Content starts

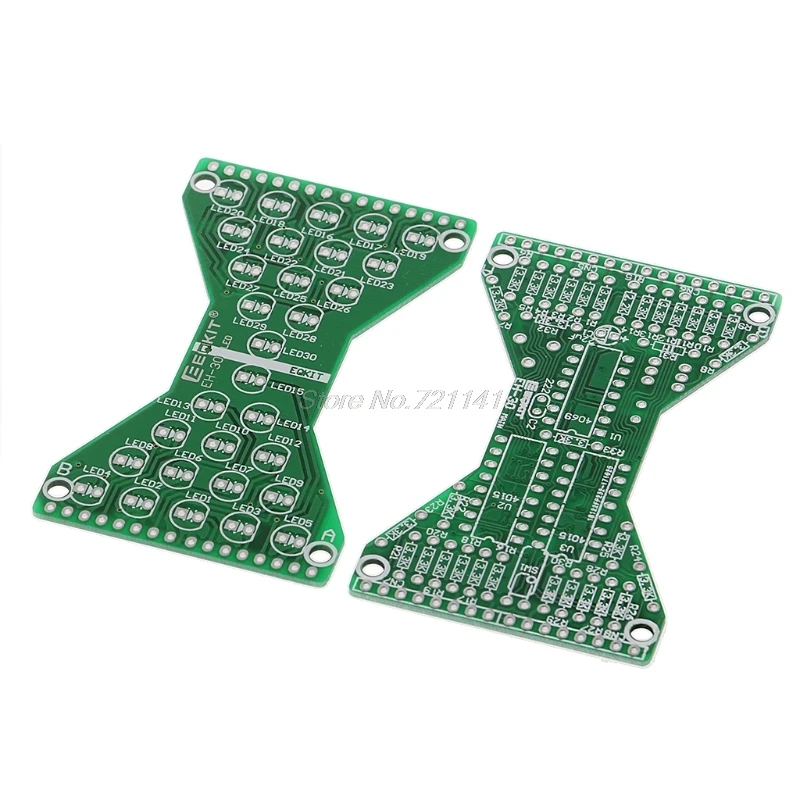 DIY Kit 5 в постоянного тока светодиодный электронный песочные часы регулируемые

Content ends
Content starts

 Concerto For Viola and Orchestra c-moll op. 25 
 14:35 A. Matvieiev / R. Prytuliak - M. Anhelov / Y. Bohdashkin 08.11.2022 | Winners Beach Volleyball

Content ends

ACTIVITY — From the entries above, extract only the lines running from the one containing "Concerto For Viola" through the one containing "14:35 A. Matvieiev", inclusive.

WRITTEN ANSWER —
 Concerto For Viola and Orchestra c-moll op. 25 
 14:35 A. Matvieiev / R. Prytuliak - M. Anhelov / Y. Bohdashkin 08.11.2022 | Winners Beach Volleyball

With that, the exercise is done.